My journey at QuEST started after I completed my studies from Hindustan College of Engineering, Chennai in the year 1997. As a young engineer, all that mattered to me was to make my mark in the industry. I first started as a shift engineer in a co-generation power plant and then went on to land my dream engineering job at QuEST in 2004.
Have things changed in the last 17 years?
Definitely! I first started my journey at QuEST as an engineer, went on to become a senior engineer where I started working on bigger projects. I then moved on to the role of a project leader where I learnt to manage my own team and currently I’m the technical manager. It is so fulfilling to see myself in the current role of technical manager where not only I am not just solving tech problems but I am also grooming future engineers for a brighter future.
Apart from my role, one major change has been the way we work. After leaving my job at the site in 2004, I had always longed to work there again. Today, because of the advancements in technology rather than going to the plants, we have been monitoring and performing diagnostics of machineries from our offices and home locations for the past 6 years for oil and gas and power customers. This helps feel that we’re working from the plant itself and elevates us to the position of site extended support team.
Who has been your rock during a storm? An influence in your engineering journey.
In life it is always important to have a mentor who looks after you and makes you the best version of yourself. One such person for me has been Sunil Deshpande, the Global Sales Strategist at QuEST Global.
I remember working with him to win one of our customers. Each time I felt stuck or had questions, I knew the one person who would have answers was Sunil. I really admire his in-depth approach to everything. He’s actually helped me understand that while working on a project, it is really important to not just scratch the surface but to explore it fully. Because of this valuable lesson, there is a vast difference between the way I present my papers today and the way I did before.
Even today, during my presentations, he patiently listens and gives me pointers on how I can improve even further. I actually use a lot of his methodology and way of working to teach the engineers who are under my wing.
One lesson you learnt during your initial years?
Never rely on theoretical learning.
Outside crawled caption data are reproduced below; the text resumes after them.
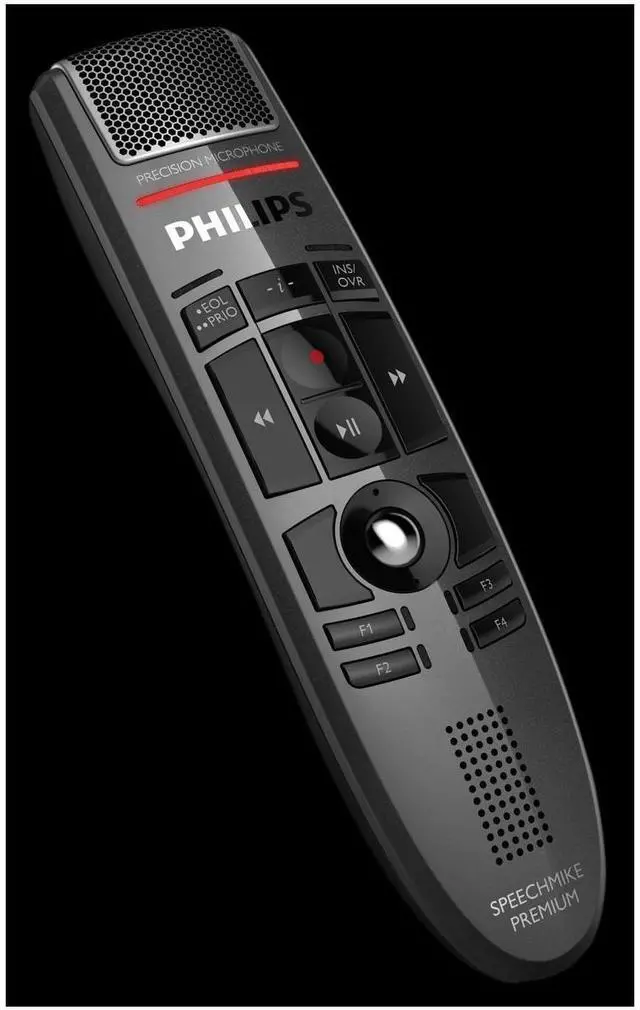 Alt view image 9 of 10 - Philips LFH3500 SpeechMike Premium USB Push Button Dictation Microphone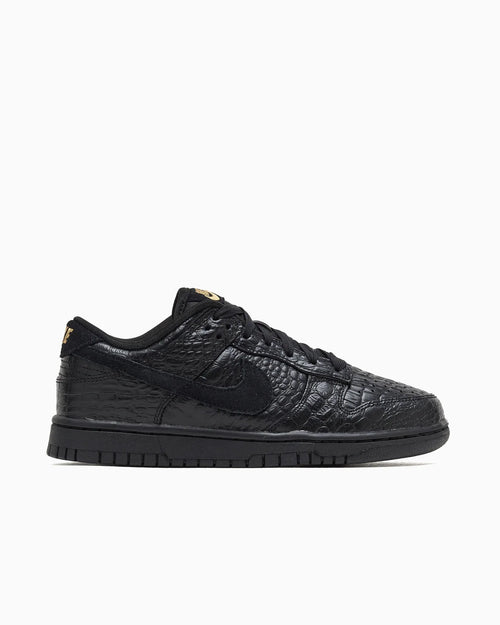 Nike Dunk Low crocodile noir (Femme)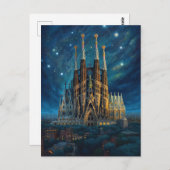 De sterrendroom van Gaudi | Barcelona Sagrada Fami Briefkaart (Voorkant / Achterkant)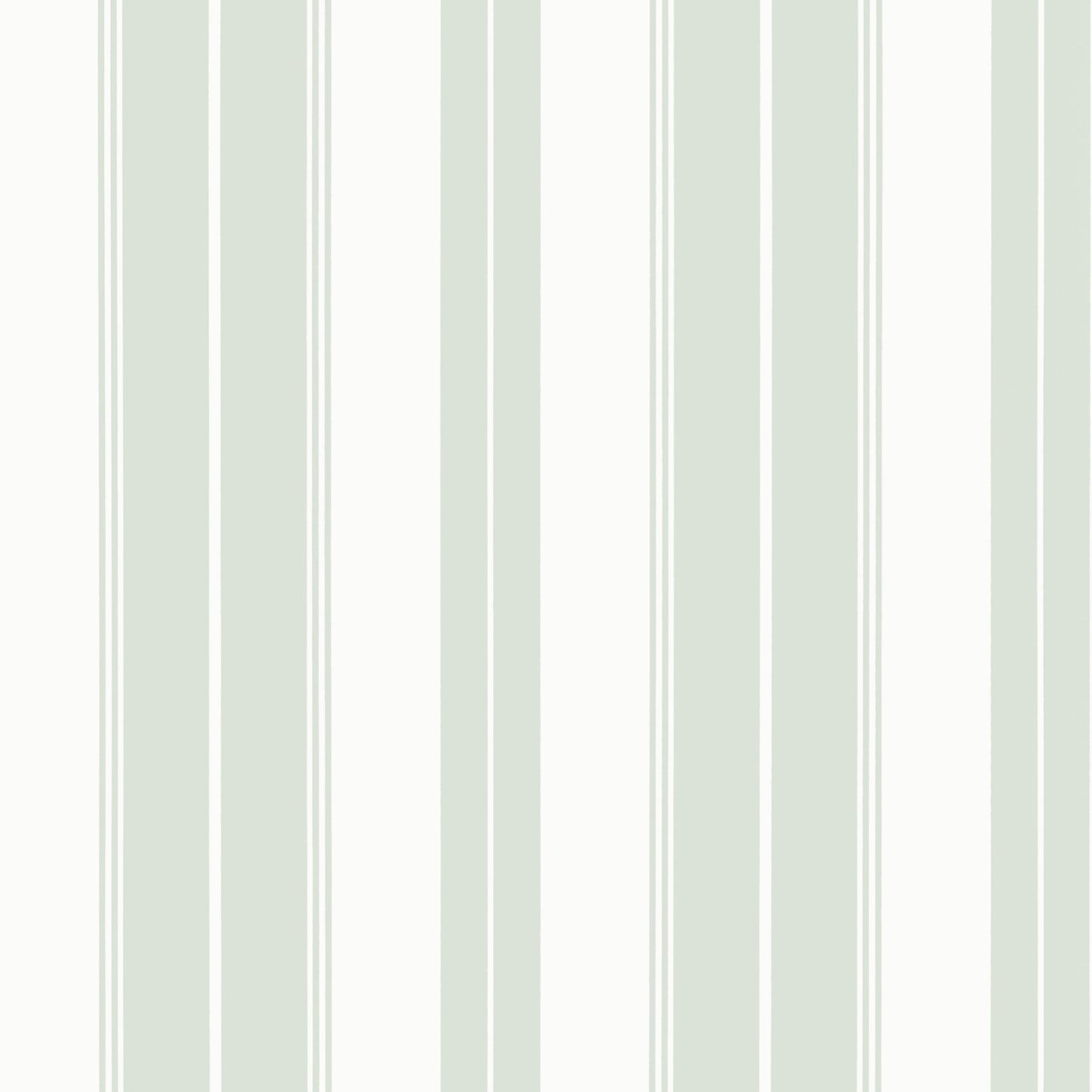 Norfolk Stripe Wallpaper - Willow - Thibaut - T44042 - Premier Wallcovering
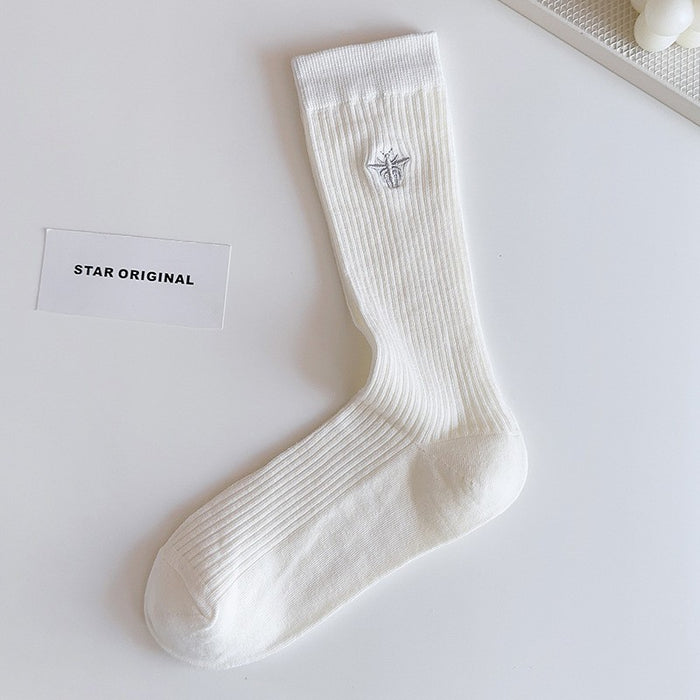 Wholesale Socks, long tube socks, thin, sweat absorbing, versatile, breathable, stacked socks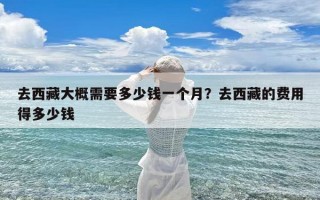 去西藏大概需要多少钱一个月？去西藏的费用得多少钱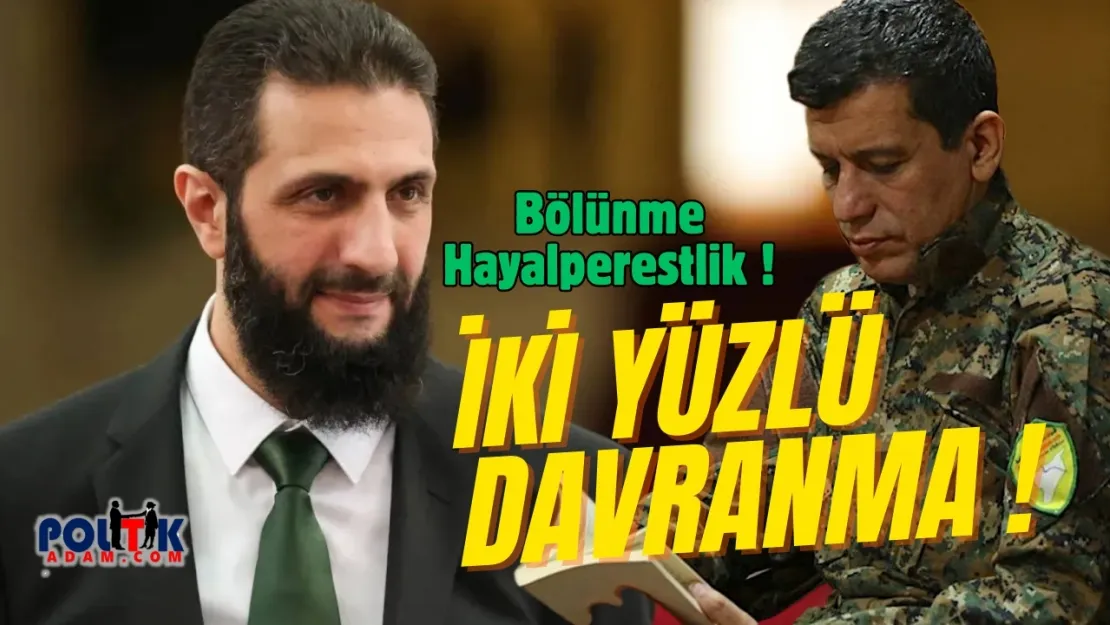 Şara'dan Sert Mesajlar:  'DSG İki Yüzlü Davranmasın, Bölünme Hayaldir'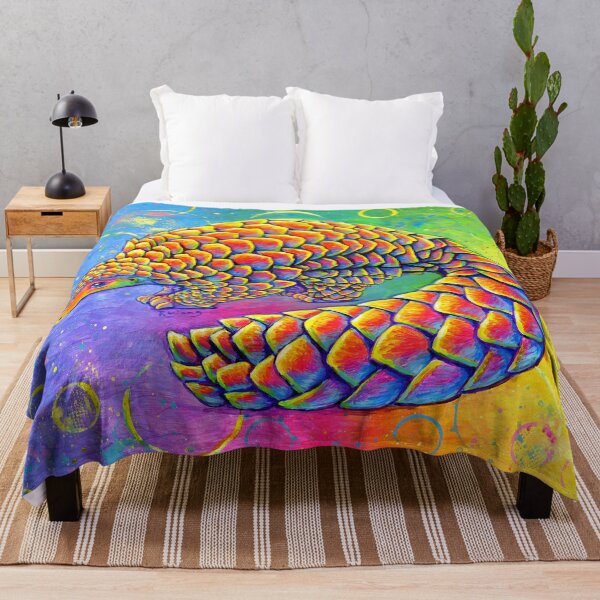 Item preview, Psychedelic Rainbow Pangolin designed and sold by Rebecca Wang.
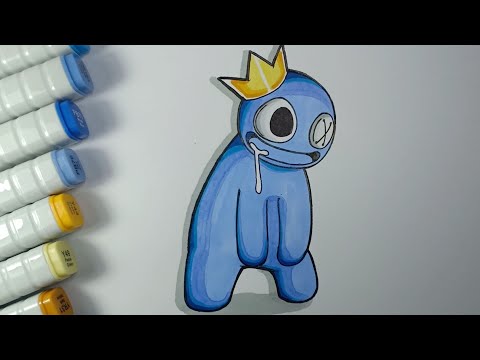 DRAWING BLUE IN RAINBOW FRIENDS Vẽ Blue trong Game siêu Cute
I had always imagined myself to be a ‘Born to Engineer’ and thought I knew everything after college.
I’ll let you in on an embarrassing experience I had when I joined as a trainee Engineer in the year 1997. I saw a boiler feed pump which was pumping water at 105 degrees Celsius. At 105 degrees, I expected it to be steam and not boiling water. I immediately went to the Senior Engineer Operation and told him there was something wrong. My senior looked at me and suggested I go back home immediately and look at the saturated steam table.
Later that evening, when I went back home and researched, I realized that while learning I had missed a major detail. The boiling point of water increases along with the pressure. The 100 degrees Celsius boiling point is only with respect to the atmospheric pressure. I was so embarrassed that day.
Moral of the story: It is important to actually get on the field to see, understand and apply what we have learnt.
One piece of advice to young engineers
Today, as a technical manager I recruit new engineers for different projects and help them develop skills for those new projects. I do this because what I value most in life is the importance of knowledge. My advice to young engineers is simple – ‘Knowledge is your only strength’. Gain knowledge, share it with your team and grow together. That is the only way to succeed.
At QuEST, we organize weekly group knowledge sharing sessions so that each one can share their skills with the teams to grow continuously together.